Your instructions: No pictures go in the copy; retype exactly the lines from the one with "中国移动魔百盒ZTE/中兴 B860AV2.1A 1.1网络电视机顶盒无线遥控 - 图2" through the last line of the records.

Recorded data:
########
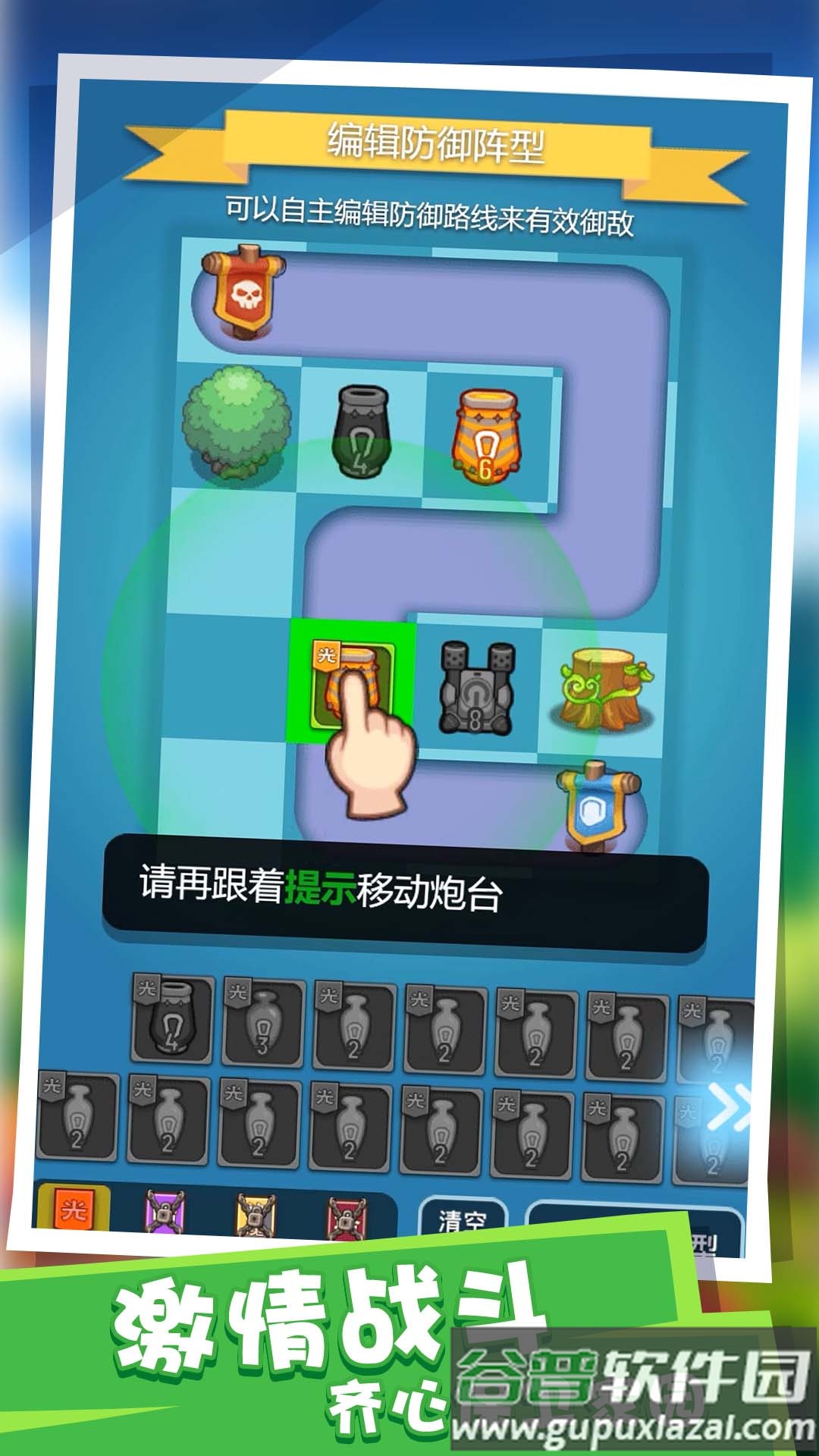塔防派对游戏截图3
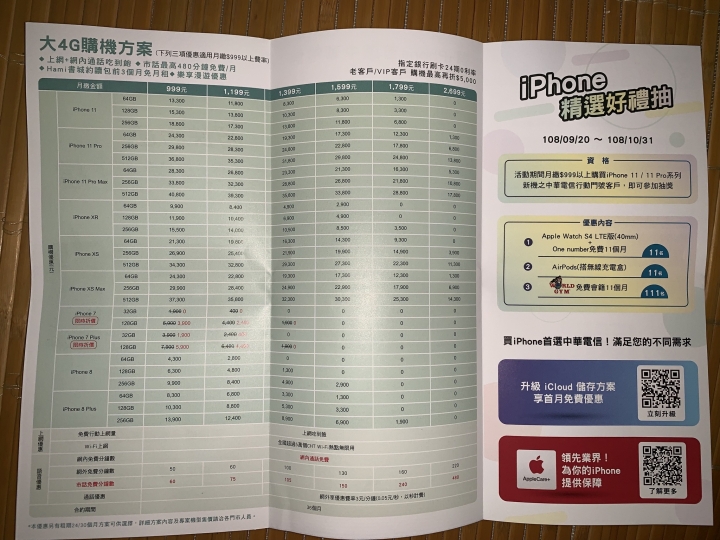 解毒了⋯⋯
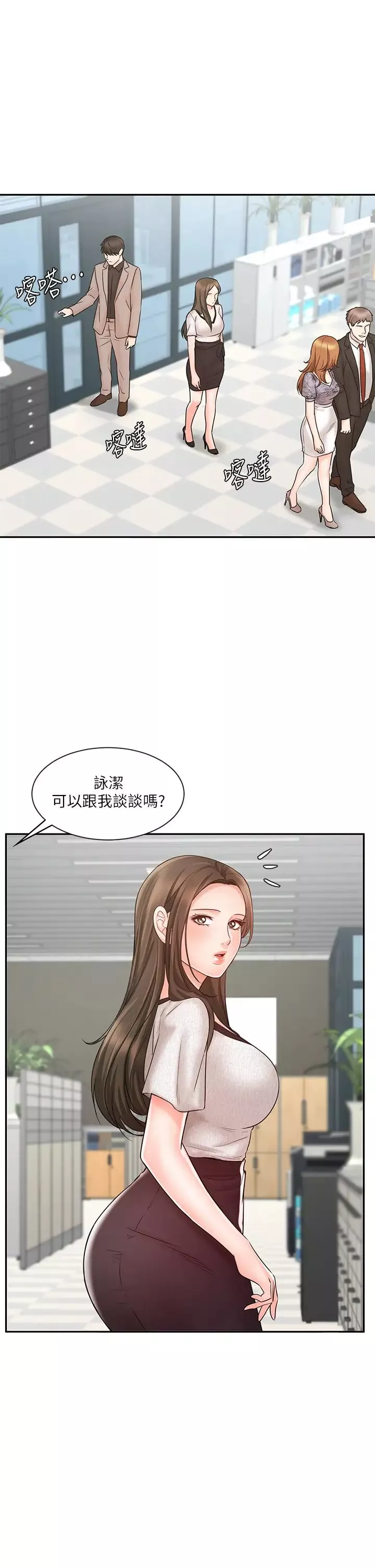 业绩女王-第15话-保险王的特殊服务 - 图片 21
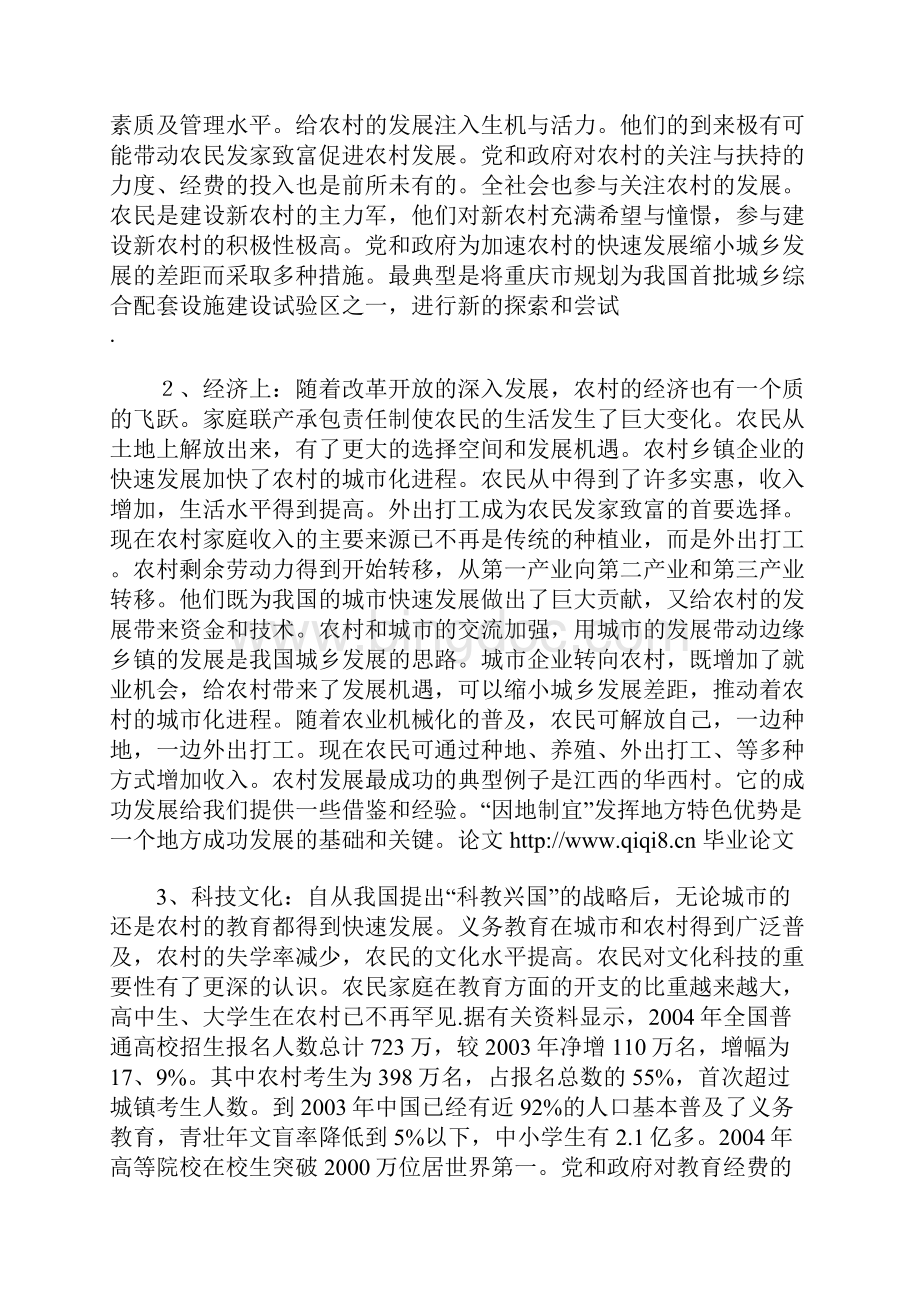 浅析中国农村的现状与发展Word文件下载.docx_第2页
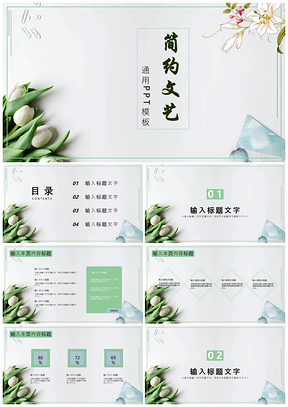 工作总结白色简约文艺PPT模板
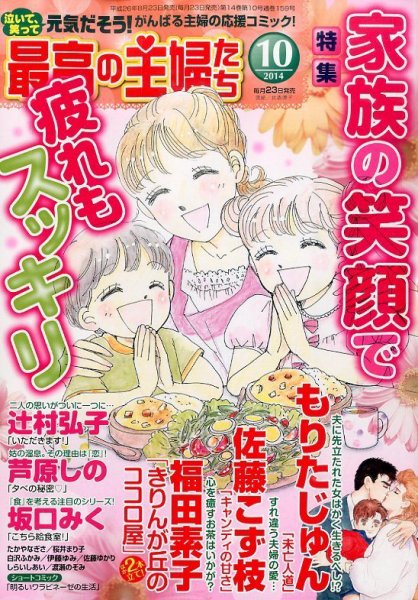 最高の主婦たち 2014年10月号 (発売日2014年08月23日) 表紙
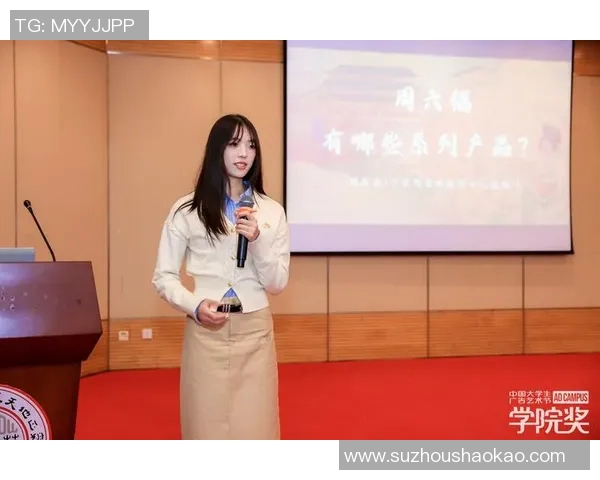 火花与自由文字直播的精彩碰撞与深度探讨之旅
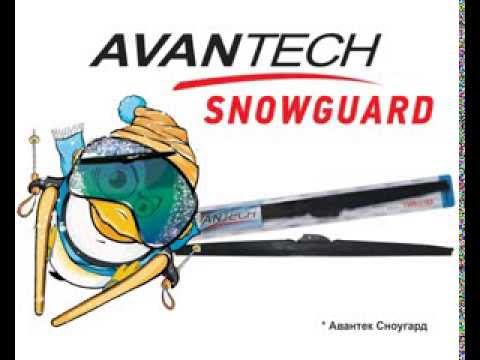 Avanteck Zima смотреть онлайн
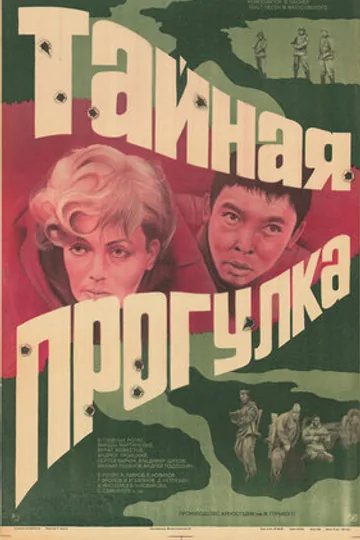 Тайная прогулка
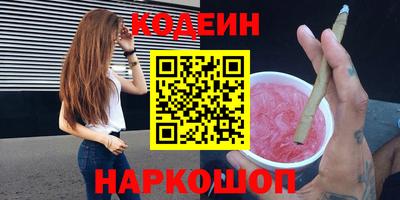 скорость Балаково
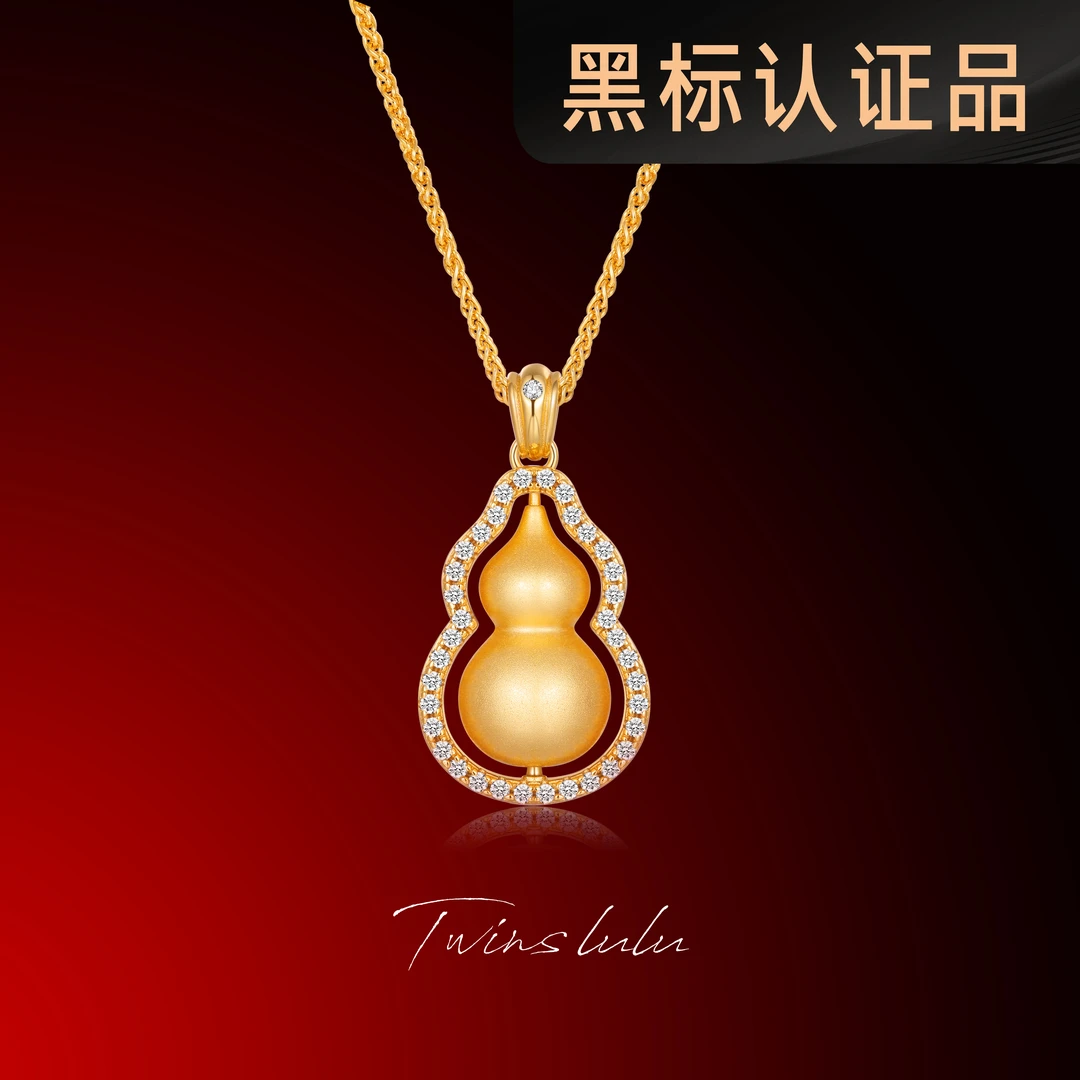 TWINS LULU 925银 镀k金 国风轻奢时尚百搭古法葫芦项链TSJ9614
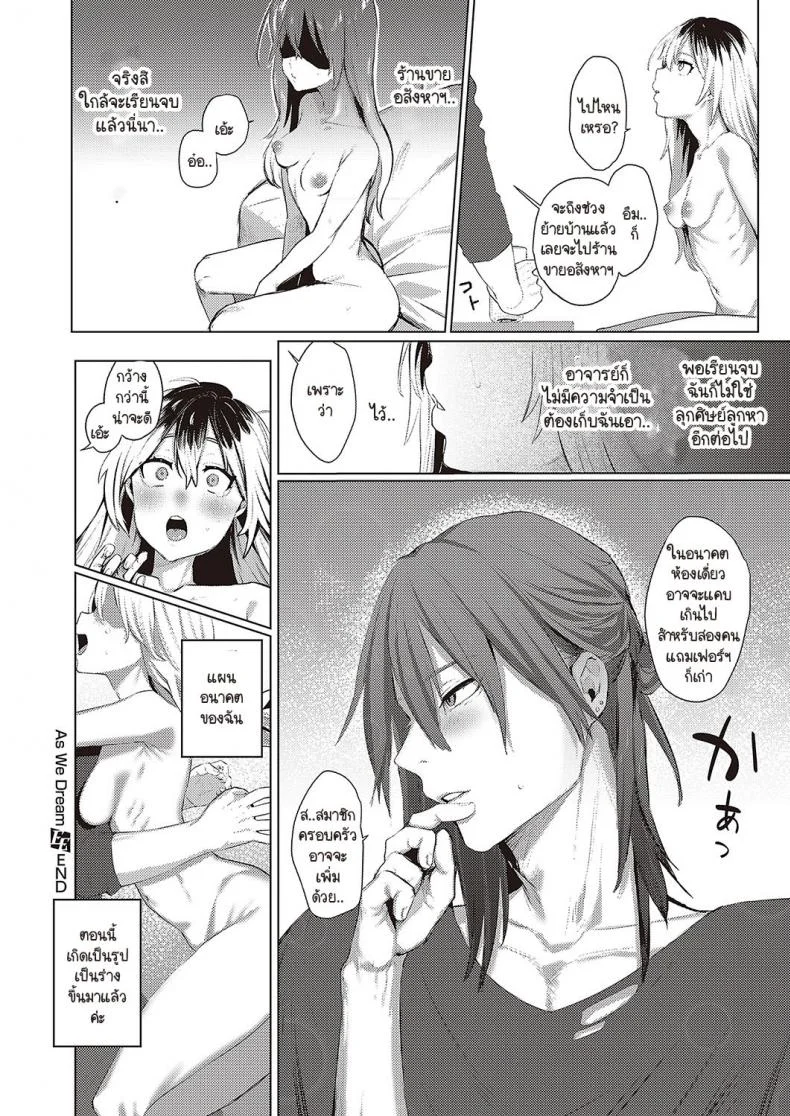 แผนอนาคต [Ushio Kiyoshi] As We Dream หน้า 30
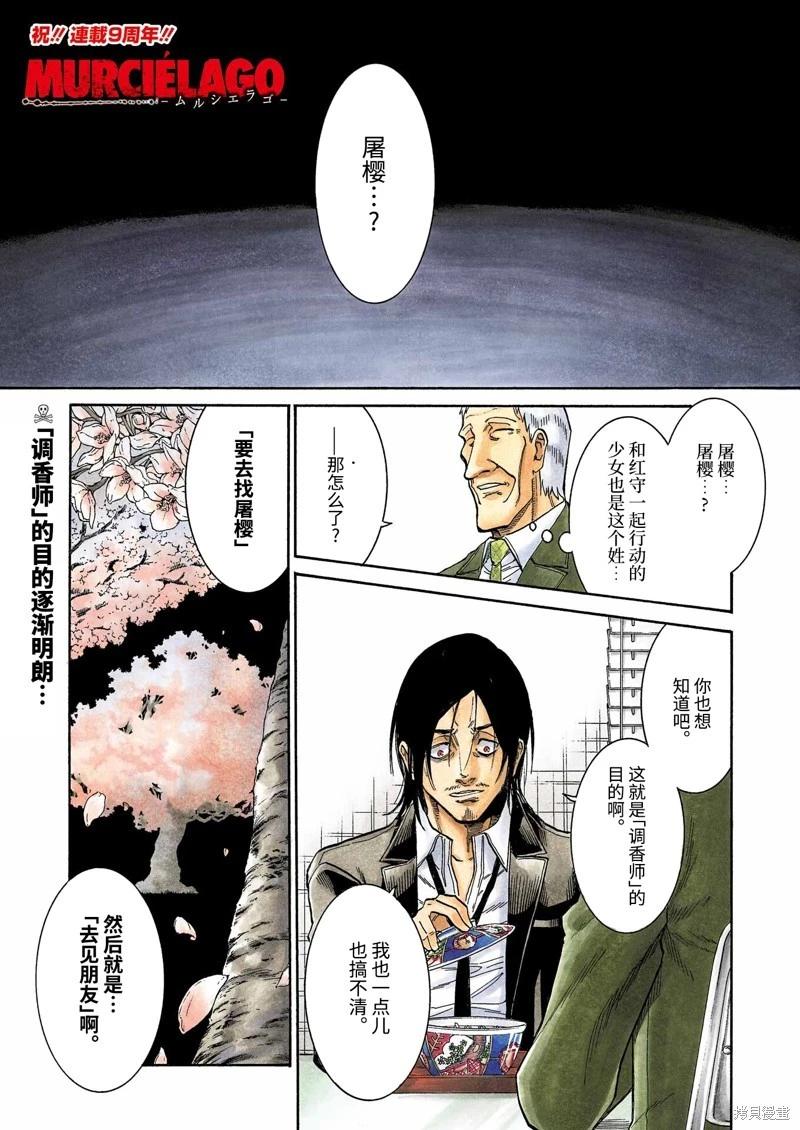 蝙蝠殺手 - 第155話 - 1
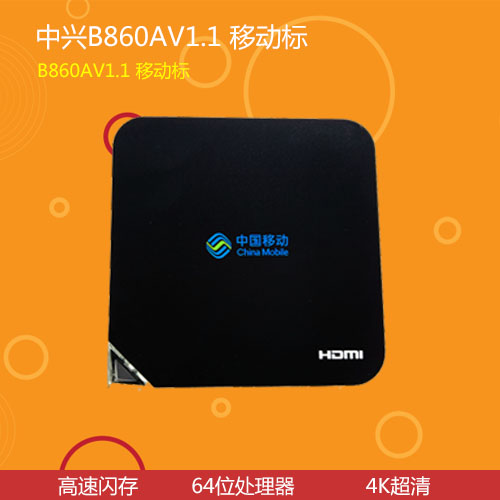 中国移动魔百盒ZTE/中兴 B860AV2.1A 1.1网络电视机顶盒无线遥控 - 图2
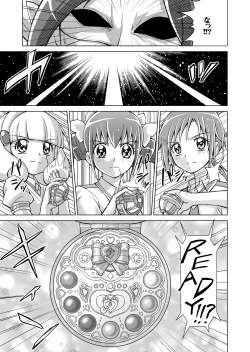 Page 47 of Doujin Smile Precure!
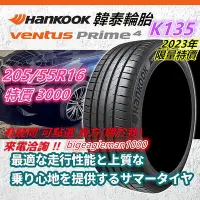 在飛比找Yahoo!奇摩拍賣優惠-韓國製 HANKOOK 韓泰 K135 205/55/16 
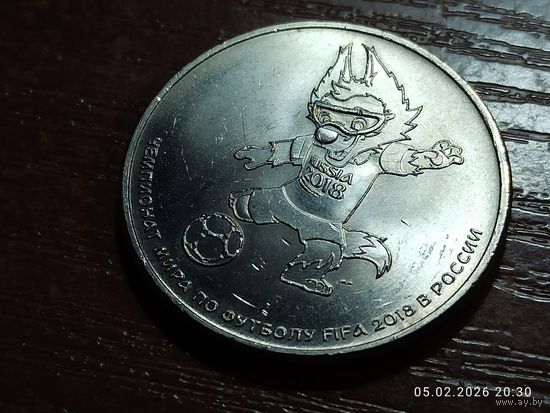 25 рублей 2018 Чемпионат мира по футболу Талисман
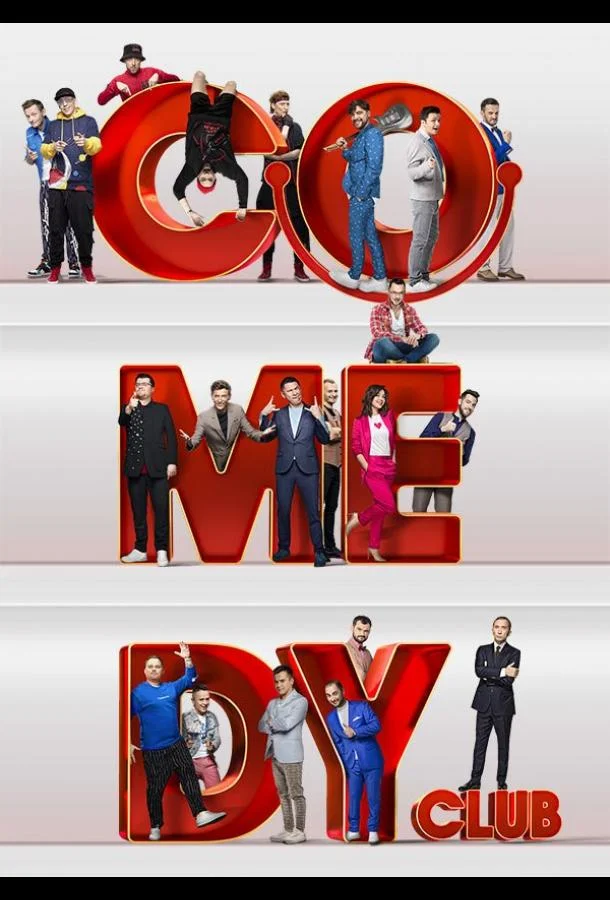 Comedy Club 1-4 сезон, 1-50,51,52 серии смотреть ТВ шоу онлайн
########
Response box:
 中国移动魔百盒ZTE/中兴 B860AV2.1A 1.1网络电视机顶盒无线遥控 - 图2
 Page 47 of Doujin Smile Precure!
 在飛比找Yahoo!奇摩拍賣優惠-韓國製 HANKOOK 韓泰 K135 205/55/16 
 25 рублей 2018 Чемпионат мира по футболу Талисман
 Comedy Club 1-4 сезон, 1-50,51,52 серии смотреть ТВ шоу онлайн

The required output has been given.